You guys know that I am not one to ask for help lightly, but this isn't for me. I met a young lady, the other day who just lit up my world ( not the pastry chef) She is a beautiful spirit and a beautiful lady and she has suffered from multiple bouts of Cancer. She is tough and feisty. She found out that I was part Native American and told me that she had been having dreams of flying away with birds and finally being free and happy. As a Native, I know what that dream means and the birds that she picked couldn't have been more apt. They are very sacred to many tribes and are messengers of sorts and tricksters. I want to make her a medicine bundle, for her journey. She isn't afraid, she considers it a new life and she will finally be able to fly. I have very rarely been privileged enough to come into contact with a more compassionate group of people than you guys, I am not asking for donations. I need help finding feathers. I need some red tailed hawk, bluebird, raven(not crow) and owl feathers. I normally have these or can get them from various medicine men or elders, but I now live in NYC and communication on the rez is mediocre at best and many of my feathers were destroyed or taken during the robbery, not because they knew what they were taking.
I know that many of you guys live in areas were these birds are and may have picked some up in your walks or travels. If you guys could spare one or two, I would be forever in your debt and you will give a beautiful young lady a chance to fly.
Thank you, Sachem Son


----------



## Mike Davis (Mar 14, 2012)

Son, i am an avid fly fisherman and i tie my own flies. I will look in my stash and see what i can find, I will also get with a few friends and see what i can get for you.


----------



## Chifunda (Mar 14, 2012)

sachem allison said:


> I need some red tailed hawk, bluebird, raven(not crow) and owl feathers.

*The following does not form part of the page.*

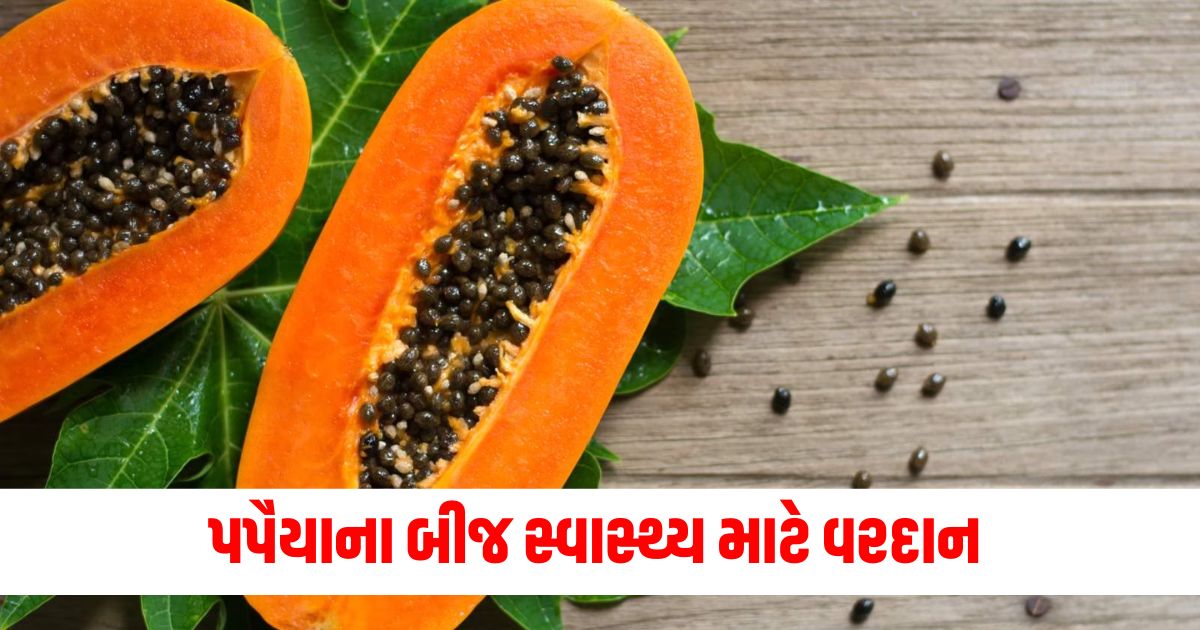 પપૈયાના બીજ, સ્વાસ્થ્ય લાભ, પોષણાત્મક ગુણ, એન્ટી ઓક્સિડન્ટ્સ,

Please know that I'm not trying to be some dick-head spoil sport but the possession of migratory bird and/or raptor feathers is illegal and penalties can be severe. I understand that there are some exemptions for Native Americans but beyond that the laws are quite clear. 

I understand and applaud your motivation...just sayin' be careful. All it takes is one overzealous DNR agent or the like. There are plenty of non native species with attractive plumage that might serve your purposes.


----------



## hax9215 (Mar 14, 2012)

I have a Boy Scout Troop here in Louisville, and we are going out this weekend-we will search. Amazingly enough, there is a pair of Red Tails in our neighborhood, I have seen the male hunting and perching on the fence outside my window. I will check for feathers. My respect for you grows, Son.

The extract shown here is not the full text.